Menú
Jesús Laínz

Después del virus

Nunca se sabe, pues las imprevisibles cosas de la biología no obedecen a reglas matemáticas, pero parece que la pesadilla vírica

Nunca se sabe, pues las imprevisibles cosas de la biología no obedecen a reglas matemáticas, pero parece que la pesadilla vírica
LD

Nunca se sabe, pues las imprevisibles cosas de la biología no obedecen a reglas matemáticas, pero parece que la pesadilla vírica comienza a atenuarse en buena parte del planeta. Sea por la llegada de los primeros calores veraniegos, por los efectos del confinamiento o porque el virus comienza a reducir su virulencia, la realidad es que parece haber descendido notablemente el ritmo de contagios y fallecimientos, gracias a Dios. Aunque quizá este respiro –nunca mejor dicho– sea sólo momentáneo, puesto que habrá que ver si se recrudece cuando regrese el invierno o a causa del inevitable relajamiento de las medidas confinatorias.

Mientras no llegue –si llega– una vacuna que impida contraer la enfermedad o algún medicamento que permita pasarla sin mayores riesgos, la vuelta a la normalidad seguirá siendo un horizonte lejano y oscuro. ¿Y si no se halla ni vacuna ni cura? ¿Nos pasaremos el resto de nuestras vidas repitiendo reclusión planetaria cada equis meses? Evidentemente no sería posible, pues cambiaríamos morir de neumonía por morir de hambre. No quedaría otra solución que hacer vida normal y que la naturaleza hiciese su obra, fuese la que fuese.

Sí, lejano y oscuro será el horizonte hasta que llegue una solución médica, ya que las medidas previstas por Gobiernos y otras instituciones tan poderosas o más que ellos provocan serias sospechas sobre su eficacia y objetivos. Porque la mayor víctima de dichas medidas va a ser la libertad. ¿Nos veremos obligados a aceptar que todo vaya a estar vigilado, supervisado, registrado y observado, desde lo más razonable hasta lo más asfixiante? Por ejemplo, la paulatina presión para la desaparición del dinero en efectivo, que tanto aumentaría el control gubernamental sobre las personas, podría experimentar un empujón casi definitivo con la excusa del contagio mediante los billetes. ¿De verdad hay tanto peligro si los tocamos? Porque entonces cualquier otro objeto de contacto cotidiano implicará el mismo peligro: tarjetas, monederos, llaves, pomos, palancas, puertas, ventanas, timbres, teclas, bolsas, envases, botellas, libros, periódicos, bolígrafos, etc. Si tenemos que evitarlos todos, la vida se va a hacer tan imposible que mejor será contagiarnos cuanto antes y que sea lo que Dios quiera.

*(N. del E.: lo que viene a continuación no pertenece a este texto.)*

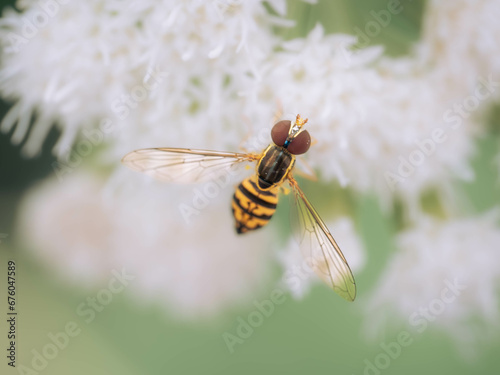 bee on a flower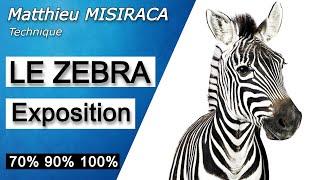 A QUOI ÇA SERT ? LE ZEBRA 70% en vidéo (Exposition)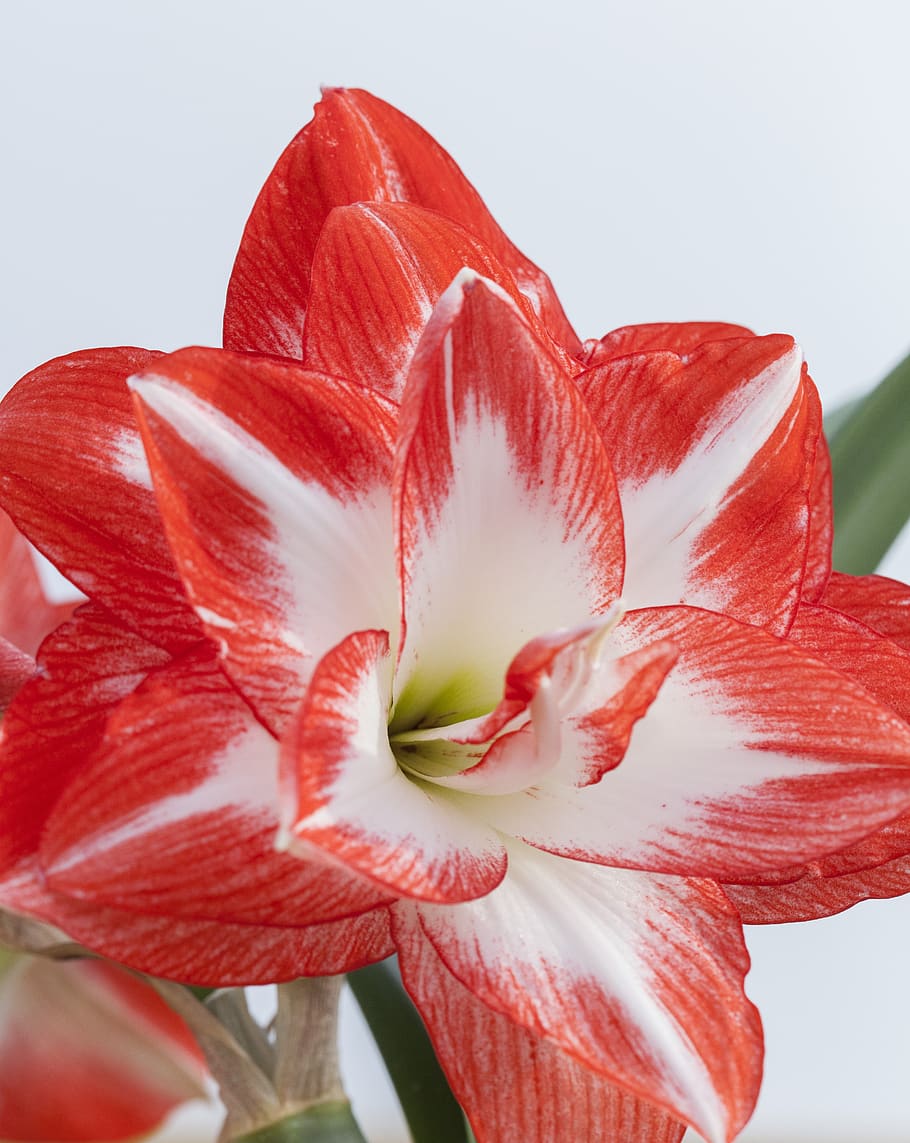 hippeastrum, it, known, as amarylis, flowering plant, fragility HD wallpaper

Para evitar la ruina de muchos miles de negocios de hostelería, los requisitos propuestos probablemente anulen las ganas de frecuentarlos. ¿Cuántos aceptarán comer en restaurantes organizados cual granja de gallinas y separados por mamparas como visitando a un presidiario?

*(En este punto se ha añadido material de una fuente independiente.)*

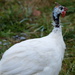 Guinea fowl by kathyladley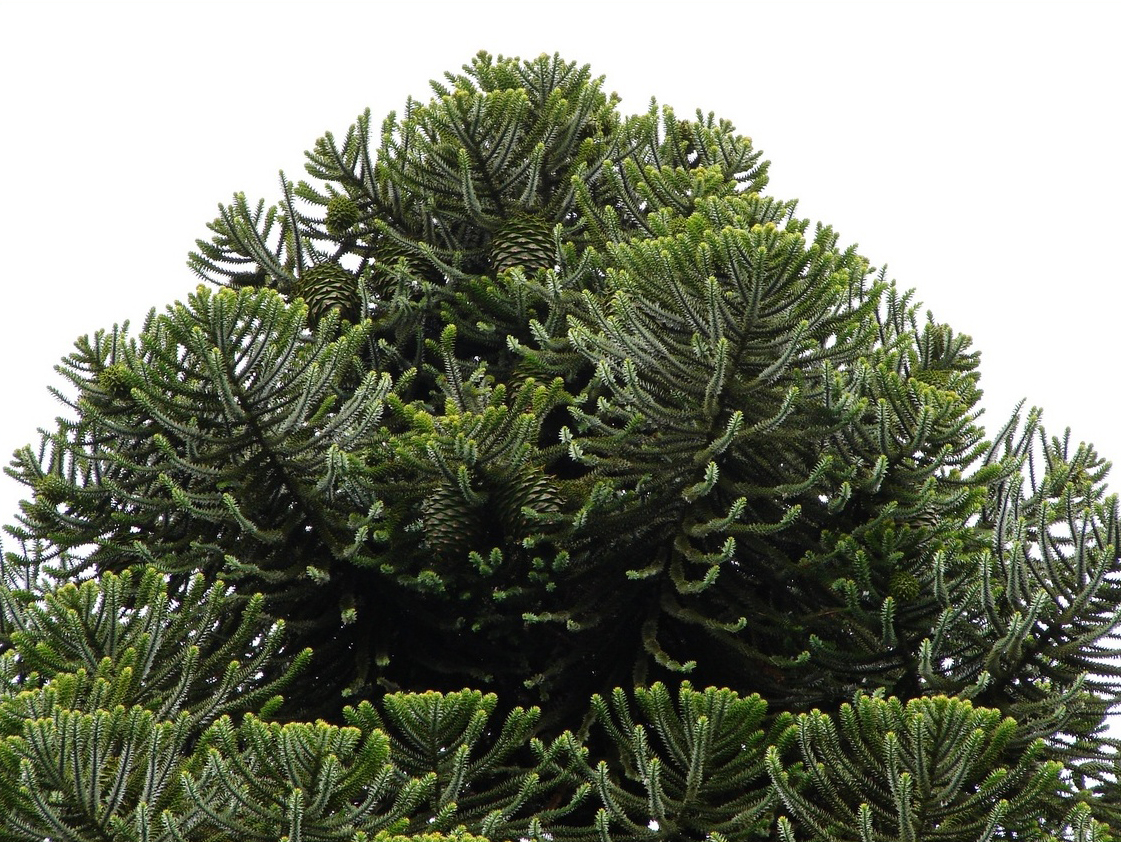 Bunya Pine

Pero mucho más grave que todo lo anterior es la voluntad gubernamental, proclamada a lo largo y ancho de eso que se llama ‘mundo desarrollado’, de utilizar todo tipo de aparatos para controlar los movimientos de las personas. Geolocalización es el término técnico que lo describe, y consiste en seguir nuestros movimientos con la excusa de evitar contagios. También lo llaman alguna vez trazabilidad, concepto que vio la luz hace unos veinte años cuando la enfermedad de las vacas locas despertó el interés comercial, superfluo hasta entonces, de marcar la carne con la identificación de cada paso desde la fase del mugido hasta la de pieza vendida. Trazados como los filetes. ¡Cuánto progreso!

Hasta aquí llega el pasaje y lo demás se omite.